Brewbaker faces Montgomery attorney Caroleene Dobson, a political newcomer trying to flank the experienced campaigner on his right, with a harder line on immigration, arguing that all undocumented immigrants – including those protected by Deferred Action for Childhood Arrivals (Daca) – should be immediately deported. The race between the two has been contentious and both have put a million dollars or more of their own money into their campaigns.

“I do believe that there are true infrastructure needs in this district,” Dobson said.

Even if a Republican holds on to the seat, the redistricting fundamentally shifts the nature of representation for the region. The effect is already visible to political observers who are seeing candidates courting their vote in new ways.

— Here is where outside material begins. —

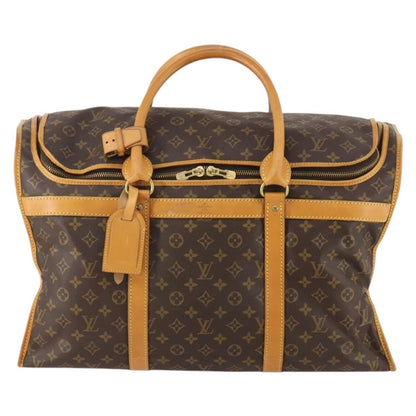 Louis Vuitton Dog Carrier Bag Monogram Canvas 50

Figures worked the crowd Friday at Prevail Union, a fashionable coffee shop in Montgomery’s historic Kress Building. As he chatted, Ritha Menon, an Indian American community leader, approached him to set up a meeting. They had met before.

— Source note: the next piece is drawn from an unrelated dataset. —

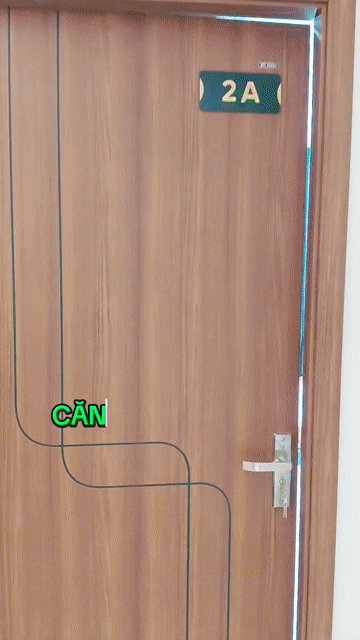Cho thuê Căn hộ Chung cư Huyện Cần Giuộc Long An diện tích 45 m² giá 4 triệu/tháng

“Listening to the people. Yeah, that’s what democracy is, right?” she said. “Listening to the people and being available and being there and responding with the right team of people.”

Menon said getting attention for causes has been a struggle, a sentiment that others also expressed.

James Tatum is probate judge in Bullock county, where the local hospital is shedding its psychiatric services and 90 jobs in an effort to keep services like its emergency room running. As probate court judge, he is often called upon to order psychiatric evaluations. The closure complicates things, he said.

“For years, I feel like growing up as a child up until now, we’ve been getting crumbs instead of a piece of the pie, or the whole pie,” Tatum said.

To Tatum, Daniels is what it looks like when rural communities have that kind of access, he said. Daniels’ campaign is trading on his statewide connections as minority leader, providing a relationship for Black legislators across the state to federal power.

For Thurmun Dinkins, a real estate agent in Montgomery, it looks like a mixer at Baristas & Barristers, a coffee shop where Figures held an event last month. Figures’ campaign says his relationships in Washington provide superior access to people who have been locked out, disregarded or ignored.

“That was my first political event, ever,” Dinkins said. “If that’s what they are like, then I like that. You get to see them on a personable level, in a more relaxed environment. It’s an intimate setting.”